Nitekim bu görüş Hukuk Genel Kurulunun 23/3/1966 gün ve 9/3 Esas, 80 karar sayılı ve 26/6/1983 gün ve 1981/9-533 Esas, 1983/724 Karar sayılı, 19/12/1986 gün ve 1985/4-822 Esas, 1986/1140 Karar sayılı ilamlarında da açıkça vurgulanmıştır.

Hemen belirtmek gerekir ki, yapılan yorumlarda temel dayanak Borçlar Kanunun 18. maddesidir. Bu genel yorum kuralı, dava sırasındaki bir beyanın ya da dava dilekçesi ile sözlü ve yazılı bildirimlerin yorumunda da uygulanır. Çünkü, gerek dava dilekçeleri, gerekse tarafların dava sırasındaki yazılı yada sözlü bildirimleri kural olarak birer hukuksal işlemdir ve her hukuki işlem gibi BK.nun 18 ve MK.nun 2. maddesi gereğince bildirimde bulunanın kullandığı sözlere bakılmayarak, iyiniyet kurallarınca kullanılan sözler veya yazılardan ne gibi bir anlam çıkarılması gerektiği belli edilerek yorumlanmalı ve bu yorum sonucuna göre işlem yapılmalıdır. Bu kabul şekli Hukuk Genel Kurulunun 3/4/1963 gün ve 2/93 Esas, 29 K. sayılı kararında da ifade olunmuştur.

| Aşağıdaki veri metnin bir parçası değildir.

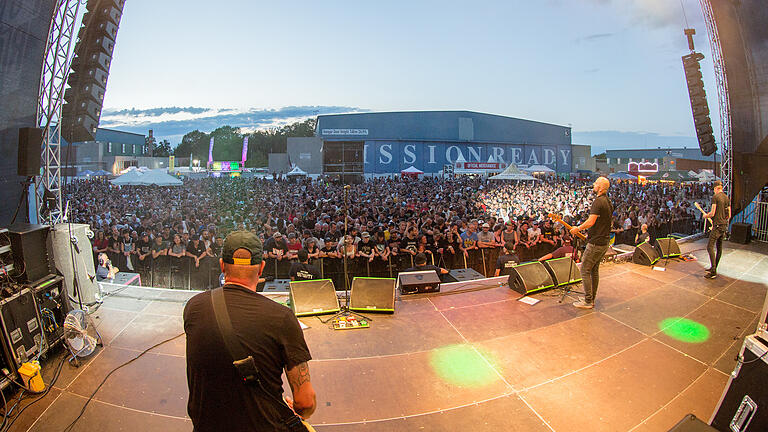Zur dritten Auflage des 'Mission Ready'-Festivals in Giebelstadt kamen etwa 5000 Menschen, um bei gutem Wetter ausgelassen zu feiern. Im Bild: die Band „Millencolin“ aus Schweden.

Somut olayda; davacı Ümmet vekili dava dilekçesinde açıkça MÜTESELSİLen sözcüğünü kullanarak tazminat talebinde bulunmuş değildir. Ne var ki, vekil, davacı müvekkillerinin herhangi bir kusurunun bulunmadığını açıkça ifade etmiş, kusurun tamamının davalıya ait olduğunu bildirmiştir. Her iki müvekkilinin bu arada uyuşmazlığa konu ümmetin taleplerini de ayrı ayrı miktarlar olarak ortaya koymuştur. Bir kısım kusurun Ümmetle birlikte aynı vekil vasıtasıyla dava açan Erdal'ın aracının sürücüsü Feyzullah'ta olduğu ise sonradan bu davanın görülmesi sırasında anlaşılmıştır. Davacı Ümmet'in dava açarken kusurun tamamının davalıda olduğunu bildirmesindeki amacın kendisinin hiçbir kusuru olmadığını açıklamak olduğunun kabulü yukarıda açıklanan ilkelere ve özellikle MK.nun 2. maddesine uygun bir yorum şekli olacaktır. Böylece davayı açarken davacı Ümmetin davalı yönünden teselsül hükümlerine dayandığında kuşku bulunmamaktadır.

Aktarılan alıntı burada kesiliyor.